Editor's Plate: CSR Means Paying Taxes

July 21, 2014
Walgreen Co., increasingly a grocery retailer, is considering an offshore home to avoid U.S. corporate taxes.

“We live those values every day, as we try to reflect the vision of Charles R. Walgreen by doing what is fair and beneficial to others.”

Two quick questions up front: 1. Do you have a corporate social responsibility (CSR) report? 2. Are you selling your groceries through a large retail chain that’s considering moving its corporate headquarters offshore just to dodge U.S. taxes?

I’m speaking of Walgreen Co., based here in the suburbs of my hometown Chicago. Walgreen’s in recent years has greatly increased the floor space it devotes to groceries, not just candy and gum, and it also has a burgeoning private label business. But if it moves a nominal head office to Switzerland, I won’t be buying my Maxwell House instant coffee and Splenda there anymore. And that truly is where I buy my coffee and sweetener and many other groceries for various reasons. Sorry, Kraft and McNeil/Tate and Lyle.

I suspect I won’t be alone. Stories in the Chicago media have created a backlash against this hometown favorite, which has been filling our prescriptions since 1901. This could alienate customers across the entire country, now that Walgreen’s has a national footprint (8,678 stores in all 50 states, the District of Columbia, Puerto Rico, the U.S. Virgin Islands and Guam).

The company faces a tough choice, balancing profits against corporate social responsibility. One local news story likened this move to Walgreen’s renouncing its U.S. citizenship.
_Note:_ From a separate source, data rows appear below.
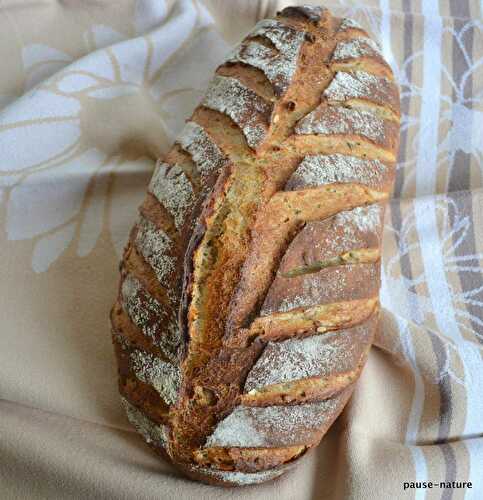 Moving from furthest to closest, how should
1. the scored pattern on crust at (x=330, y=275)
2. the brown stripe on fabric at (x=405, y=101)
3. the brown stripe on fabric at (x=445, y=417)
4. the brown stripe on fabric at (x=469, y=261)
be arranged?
the brown stripe on fabric at (x=405, y=101) < the brown stripe on fabric at (x=469, y=261) < the brown stripe on fabric at (x=445, y=417) < the scored pattern on crust at (x=330, y=275)

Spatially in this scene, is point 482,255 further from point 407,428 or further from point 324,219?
point 324,219

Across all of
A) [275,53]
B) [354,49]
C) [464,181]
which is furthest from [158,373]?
[464,181]

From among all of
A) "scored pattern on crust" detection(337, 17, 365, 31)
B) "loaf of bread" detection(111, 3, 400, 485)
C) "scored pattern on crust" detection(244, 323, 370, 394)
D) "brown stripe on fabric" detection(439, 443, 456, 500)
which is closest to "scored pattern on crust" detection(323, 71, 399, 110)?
"loaf of bread" detection(111, 3, 400, 485)

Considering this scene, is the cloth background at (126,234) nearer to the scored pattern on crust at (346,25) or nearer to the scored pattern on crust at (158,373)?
the scored pattern on crust at (158,373)

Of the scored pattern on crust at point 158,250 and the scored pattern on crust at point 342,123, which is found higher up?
the scored pattern on crust at point 342,123

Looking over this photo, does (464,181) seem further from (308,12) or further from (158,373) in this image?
(158,373)

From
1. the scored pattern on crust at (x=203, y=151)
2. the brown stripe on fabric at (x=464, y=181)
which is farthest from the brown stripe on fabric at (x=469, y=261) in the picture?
the scored pattern on crust at (x=203, y=151)

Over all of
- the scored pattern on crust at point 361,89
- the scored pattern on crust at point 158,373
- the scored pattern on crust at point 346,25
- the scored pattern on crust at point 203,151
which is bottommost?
the scored pattern on crust at point 158,373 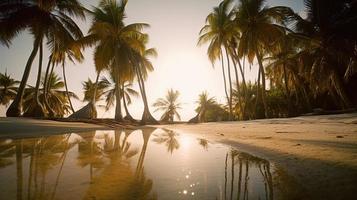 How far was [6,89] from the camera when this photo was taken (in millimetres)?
29188

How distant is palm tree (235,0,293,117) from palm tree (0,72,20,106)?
94.4ft

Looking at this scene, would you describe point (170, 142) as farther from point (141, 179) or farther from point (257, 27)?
point (257, 27)

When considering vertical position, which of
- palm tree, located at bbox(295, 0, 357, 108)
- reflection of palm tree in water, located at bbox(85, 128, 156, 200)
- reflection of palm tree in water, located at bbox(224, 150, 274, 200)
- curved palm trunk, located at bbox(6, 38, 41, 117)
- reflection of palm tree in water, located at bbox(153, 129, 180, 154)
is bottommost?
reflection of palm tree in water, located at bbox(153, 129, 180, 154)

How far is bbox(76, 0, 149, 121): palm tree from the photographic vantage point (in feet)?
54.7

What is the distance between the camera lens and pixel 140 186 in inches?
75.1

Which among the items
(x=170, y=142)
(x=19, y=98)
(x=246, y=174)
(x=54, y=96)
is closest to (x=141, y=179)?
(x=246, y=174)

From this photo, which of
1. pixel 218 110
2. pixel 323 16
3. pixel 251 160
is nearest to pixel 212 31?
pixel 323 16

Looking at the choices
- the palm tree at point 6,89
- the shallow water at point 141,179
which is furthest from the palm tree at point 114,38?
the palm tree at point 6,89

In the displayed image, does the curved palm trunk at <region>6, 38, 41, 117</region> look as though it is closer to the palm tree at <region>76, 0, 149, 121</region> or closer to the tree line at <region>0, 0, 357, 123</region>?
the tree line at <region>0, 0, 357, 123</region>

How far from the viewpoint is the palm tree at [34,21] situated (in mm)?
Result: 12172

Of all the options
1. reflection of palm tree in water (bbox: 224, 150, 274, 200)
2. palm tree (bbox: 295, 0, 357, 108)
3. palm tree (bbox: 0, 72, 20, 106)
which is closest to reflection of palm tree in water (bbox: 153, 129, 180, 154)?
reflection of palm tree in water (bbox: 224, 150, 274, 200)

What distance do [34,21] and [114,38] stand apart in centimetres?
582

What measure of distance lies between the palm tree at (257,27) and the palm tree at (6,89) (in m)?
28.8

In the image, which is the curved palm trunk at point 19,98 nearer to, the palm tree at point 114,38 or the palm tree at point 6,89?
the palm tree at point 114,38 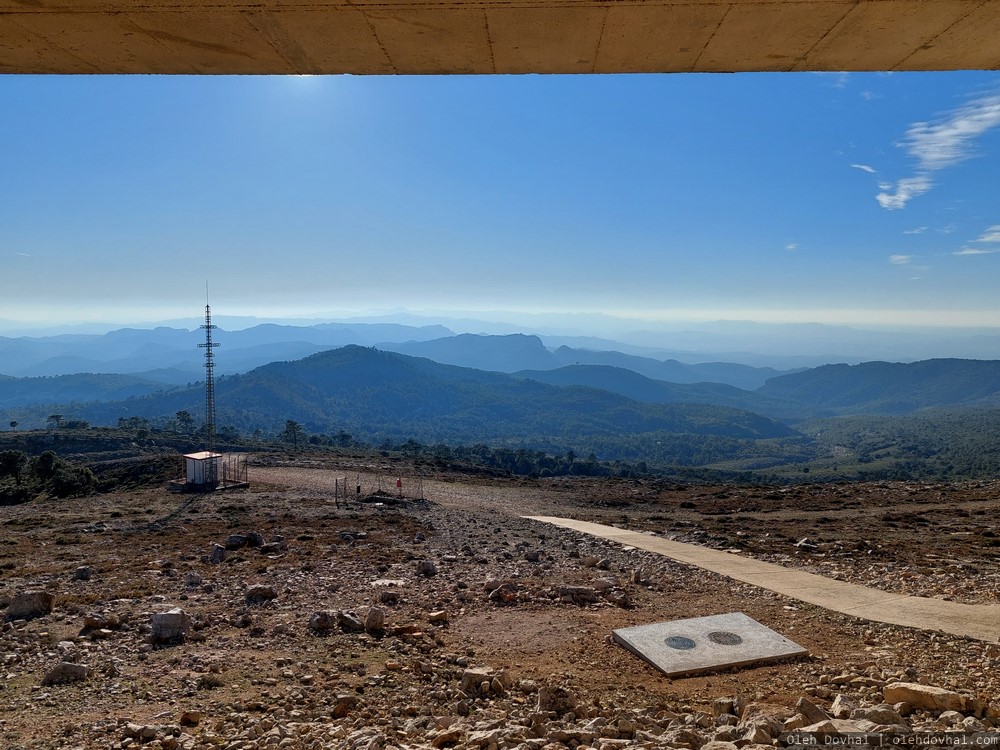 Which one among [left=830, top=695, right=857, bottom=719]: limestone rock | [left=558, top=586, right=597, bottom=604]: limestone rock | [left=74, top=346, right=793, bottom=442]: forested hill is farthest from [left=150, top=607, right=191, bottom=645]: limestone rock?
[left=74, top=346, right=793, bottom=442]: forested hill

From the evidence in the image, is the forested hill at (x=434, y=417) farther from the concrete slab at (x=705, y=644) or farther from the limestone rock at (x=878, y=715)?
the limestone rock at (x=878, y=715)

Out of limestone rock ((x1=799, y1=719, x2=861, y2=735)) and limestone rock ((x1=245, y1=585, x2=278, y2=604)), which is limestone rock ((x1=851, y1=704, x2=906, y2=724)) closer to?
limestone rock ((x1=799, y1=719, x2=861, y2=735))

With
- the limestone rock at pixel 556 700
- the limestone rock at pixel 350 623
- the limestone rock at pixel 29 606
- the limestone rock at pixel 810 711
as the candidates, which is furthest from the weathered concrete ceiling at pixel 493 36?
the limestone rock at pixel 29 606

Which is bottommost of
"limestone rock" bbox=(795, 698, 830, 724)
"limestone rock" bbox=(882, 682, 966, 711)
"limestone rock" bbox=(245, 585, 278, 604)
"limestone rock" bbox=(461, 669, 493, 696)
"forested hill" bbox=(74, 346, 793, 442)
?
"forested hill" bbox=(74, 346, 793, 442)

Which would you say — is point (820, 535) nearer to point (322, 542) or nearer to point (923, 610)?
point (923, 610)

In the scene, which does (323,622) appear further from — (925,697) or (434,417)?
(434,417) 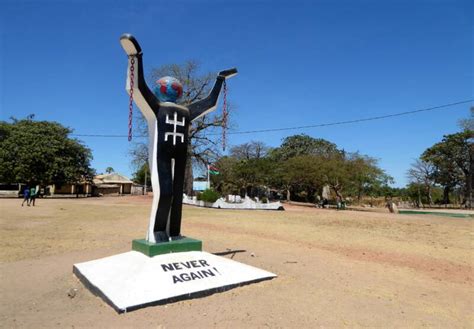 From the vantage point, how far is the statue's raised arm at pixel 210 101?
788 cm

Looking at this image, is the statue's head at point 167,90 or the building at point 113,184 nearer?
the statue's head at point 167,90

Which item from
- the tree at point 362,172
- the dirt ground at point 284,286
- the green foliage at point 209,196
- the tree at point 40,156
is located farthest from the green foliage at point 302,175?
the dirt ground at point 284,286

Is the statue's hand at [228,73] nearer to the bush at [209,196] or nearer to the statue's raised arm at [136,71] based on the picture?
the statue's raised arm at [136,71]

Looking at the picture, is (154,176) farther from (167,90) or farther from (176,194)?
(167,90)

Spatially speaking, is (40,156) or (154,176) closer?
(154,176)

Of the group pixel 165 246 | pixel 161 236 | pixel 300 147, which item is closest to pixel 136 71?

For background, Walgreen’s is in the process of acquiring the remaining 55 percent of Switzerland-based Alliance Boots, Europe’s largest pharmacy chain (it already owns 45 percent). That logical move comes with an interesting side benefit called a corporate tax inversion. By making itself in effect a subsidiary of a foreign parent, Walgreen’s can move its corporate home to low-tax Switzerland (or elsewhere in Europe). No additional bricks and mortar needed, and the well-paid execs of America’s pharmacy don’t need to buy chalets in the Alps or move there.

The only thing that changes is some paperwork.

This would save the firm millions, maybe hundreds of millions, in taxes … which presumably would be returned to shareholders in improved earnings. Except the biggest shareholders in Walgreen's are institutional investors and its own executives.

Referring back to the corporate social responsibility report: I couldn’t find one on Walgreen’s website, although they have a landing page devoted to five subtopics of that subject. Admirable stuff, like Community, Environmental Sustainability, Diversity, Supplier Diversity and Disability Inclusion. The quote at the top of this column comes from that page. Dodging taxes doesn’t sound compatible with those lofty goals.

I’m in dangerous territory here because I don’t know enough about taxes and international business dealings to make this a knockout punch. This is not a first for corporate America, although I think it is a first for a business that has this much reach into the food and beverage industry. And I always worry that the real culprits are investment firms and financial analysts, who may be unhappy with the share price – which looks pretty stellar to me.

Maybe Walgreen’s mere threat will motivate Congress to undertake a long-overdue examination of the corporate tax codes, closing some of the loopholes and maybe lowering some rates so that American firms can be profitable and competitive on a world scale. But that’s the thing: Nobody can call Walgreen’s noncompetitive. If it were, it wouldn’t be in a position to be buying Europe’s biggest pharmacy chain.

America has been good to Walgreen’s. Walgreen’s should return the favor.